Of course, Amazon is already in the food business. They launched Amazon Fresh in 2016 in 20 cities across the United States as well as in Berlin, London and Tokyo. For $14.99 a month you can order groceries from Amazon Fresh. Amazon Pantry sells non-perishables like cereal, chips, rice and coffee for a flat delivery fee of $5.99 per box, and Amazon’s Prime Now offers items from local grocers in some cities. With a finger tap and a Dash Button people can order many household products including groceries, but not fresh foods. Customers can also sign up for periodic delivery of laundry detergent, toothpaste, diapers, paper towels and other items frequently purchased in grocery stores using “Subscribe and Save.” Aside from this, if you have an Amazon Echo device equipped with Alexa, you can build a shopping list then ask Alexa to buy the groceries on the list for Prime Delivery.

Why Buy Physical Stores?

With all these services already in place, why is Amazon looking to buy physical stores? In a word: spoilage. According to a recent story in Bloomberg, Amazon experienced challenges with the high cost of losses caused by food going bad, an issue it didn’t have to solve with videos or books. Bricks and mortar grocers discount softening tomatoes and pork cutlets near their expiration dates or sell them to re-manufacturers. Apparently, at Amazon Fresh, partially spoiled food items were returned by irate customers and discarded at an alarming rate.

According to the story, the main reason Amazon began delivering groceries through Prime Now was to devolve spoilage risk back down to local suppliers; buying locations eliminates the problem. Vertical integration with a company like Whole Foods that already knows the business is a great way to learn. Along with retail outlets Amazon gets local warehouses, landing pads for drones, and established supply chains.

Rotten tomatoes sparked a nearly $14 Billion deal?

Did rotten tomatoes really spark a $14 billion deal? Maybe, but Amazon also had another problem. No one currently associates the brand with groceries. Books, clothes, electronics, car parts, everything and a kitchen sink –but not food.

The company would have to spend billions educating consumers that now they offer food. Maybe that’s not a huge stretch for a company with so many controlled touchpoints, but why build when you can buy? They could not have made a more strategic marketing move than to purchase a high-profile brand like Whole Foods, a brand associated with high quality (also high prices, but maybe Amazon can help with that).

As with Netflix, Amazon started out as a trusted platform for other sellers. The interface still reflects that legacy. But they mastered discoverability, reliability and trustworthiness well before any other mass retailer. While those characteristics are huge, it will be interesting to watch how they integrate the Whole Foods brand ethos with their own. Will stores be renamed Amazon Whole Foods?

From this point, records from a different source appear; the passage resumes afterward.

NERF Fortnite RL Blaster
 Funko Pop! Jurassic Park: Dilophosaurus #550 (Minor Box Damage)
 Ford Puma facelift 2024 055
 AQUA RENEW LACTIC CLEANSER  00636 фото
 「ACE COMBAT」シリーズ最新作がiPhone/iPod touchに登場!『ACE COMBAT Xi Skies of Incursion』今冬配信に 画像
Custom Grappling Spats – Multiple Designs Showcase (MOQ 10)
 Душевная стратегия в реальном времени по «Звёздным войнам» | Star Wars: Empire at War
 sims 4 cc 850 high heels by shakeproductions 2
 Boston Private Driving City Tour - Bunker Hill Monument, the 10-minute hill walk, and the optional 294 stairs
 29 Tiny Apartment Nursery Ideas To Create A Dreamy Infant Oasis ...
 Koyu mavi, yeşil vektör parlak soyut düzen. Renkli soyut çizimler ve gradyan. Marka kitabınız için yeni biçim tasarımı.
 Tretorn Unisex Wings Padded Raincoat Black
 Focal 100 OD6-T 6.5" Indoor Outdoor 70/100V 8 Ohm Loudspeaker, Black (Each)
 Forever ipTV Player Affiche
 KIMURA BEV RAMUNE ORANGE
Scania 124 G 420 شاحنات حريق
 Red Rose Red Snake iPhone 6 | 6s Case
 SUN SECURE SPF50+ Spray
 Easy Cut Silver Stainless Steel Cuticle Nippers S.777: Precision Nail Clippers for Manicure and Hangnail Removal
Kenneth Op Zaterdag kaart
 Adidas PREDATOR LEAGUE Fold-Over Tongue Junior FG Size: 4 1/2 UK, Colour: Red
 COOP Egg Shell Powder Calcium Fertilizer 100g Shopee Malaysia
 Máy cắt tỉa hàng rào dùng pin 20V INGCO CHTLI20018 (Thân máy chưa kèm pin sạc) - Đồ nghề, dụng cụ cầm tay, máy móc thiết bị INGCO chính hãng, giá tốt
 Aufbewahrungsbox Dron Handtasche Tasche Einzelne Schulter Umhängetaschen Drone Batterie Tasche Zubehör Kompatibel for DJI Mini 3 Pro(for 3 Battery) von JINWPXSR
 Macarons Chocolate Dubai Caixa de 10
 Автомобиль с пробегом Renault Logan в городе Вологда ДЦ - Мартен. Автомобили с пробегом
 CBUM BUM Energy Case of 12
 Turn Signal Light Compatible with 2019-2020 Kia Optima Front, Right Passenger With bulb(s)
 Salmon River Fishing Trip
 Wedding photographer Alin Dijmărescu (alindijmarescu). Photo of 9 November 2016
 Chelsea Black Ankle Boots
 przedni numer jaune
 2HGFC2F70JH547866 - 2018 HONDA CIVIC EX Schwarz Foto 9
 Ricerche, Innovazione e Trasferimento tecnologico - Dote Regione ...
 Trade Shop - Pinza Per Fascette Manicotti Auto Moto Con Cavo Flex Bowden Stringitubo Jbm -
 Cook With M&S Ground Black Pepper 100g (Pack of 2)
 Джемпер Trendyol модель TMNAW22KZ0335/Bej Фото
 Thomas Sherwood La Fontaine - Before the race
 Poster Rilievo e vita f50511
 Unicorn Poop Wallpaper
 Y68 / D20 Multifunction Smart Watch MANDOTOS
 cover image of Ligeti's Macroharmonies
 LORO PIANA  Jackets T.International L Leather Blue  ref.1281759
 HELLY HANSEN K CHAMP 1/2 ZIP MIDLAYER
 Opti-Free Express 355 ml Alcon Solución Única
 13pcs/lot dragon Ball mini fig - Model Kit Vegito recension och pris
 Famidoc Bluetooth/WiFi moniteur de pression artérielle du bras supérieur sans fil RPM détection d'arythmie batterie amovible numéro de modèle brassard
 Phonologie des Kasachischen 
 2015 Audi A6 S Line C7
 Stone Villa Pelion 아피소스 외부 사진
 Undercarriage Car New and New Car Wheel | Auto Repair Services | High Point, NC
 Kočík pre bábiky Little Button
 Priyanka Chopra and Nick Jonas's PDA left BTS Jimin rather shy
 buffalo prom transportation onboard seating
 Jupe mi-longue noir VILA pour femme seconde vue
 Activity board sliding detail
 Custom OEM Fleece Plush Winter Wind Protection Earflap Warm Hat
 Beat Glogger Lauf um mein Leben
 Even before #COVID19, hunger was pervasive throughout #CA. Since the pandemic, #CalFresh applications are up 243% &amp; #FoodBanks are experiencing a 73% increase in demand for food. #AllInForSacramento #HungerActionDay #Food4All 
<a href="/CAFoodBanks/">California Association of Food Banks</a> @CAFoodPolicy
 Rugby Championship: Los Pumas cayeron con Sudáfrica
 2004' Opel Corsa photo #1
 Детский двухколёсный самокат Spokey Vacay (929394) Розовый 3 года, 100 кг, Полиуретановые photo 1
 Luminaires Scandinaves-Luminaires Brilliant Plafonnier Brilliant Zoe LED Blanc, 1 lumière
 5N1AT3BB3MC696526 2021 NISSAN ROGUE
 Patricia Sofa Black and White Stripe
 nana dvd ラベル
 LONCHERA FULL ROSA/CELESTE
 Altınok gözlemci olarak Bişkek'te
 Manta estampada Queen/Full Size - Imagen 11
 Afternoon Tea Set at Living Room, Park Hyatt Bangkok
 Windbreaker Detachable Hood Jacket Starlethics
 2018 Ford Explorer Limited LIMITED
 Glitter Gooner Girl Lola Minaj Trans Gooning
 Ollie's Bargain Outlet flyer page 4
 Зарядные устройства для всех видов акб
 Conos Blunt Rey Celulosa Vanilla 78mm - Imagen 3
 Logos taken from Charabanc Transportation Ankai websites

The company is always innovating, and with the move to own-label offerings, it may alter its digital experience strategy in various portions. One could imagine them splitting digital experiences up by line: Amazon Entertainment, Amazon Foods, Amazon Retailer. Alternatively, will they eventually become like the department stores of the past? As Sears here in Canada enters bankruptcy protection, Amazon is charting a course to enter that category. What’s next in store for Amazon? Own-label clothes? There’s Amazon Prime Wardrobe for that. Sporting goods? How about cars?

Who knows where the giant will take its next bite?

What we do know is that all other industries are starting to feel the impact of Amazon and other tech giants as they broaden their markets. Customers are demanding better experiences when interacting with brands and Amazon’s mastery of discoverability, reliability, speed and innovation give them a head start. To survive “Amazonification” brands across all industries need to quickly figure out how they can deliver a fundamentally better experience through a unified ecommerce platform, to their customers, now and in the future.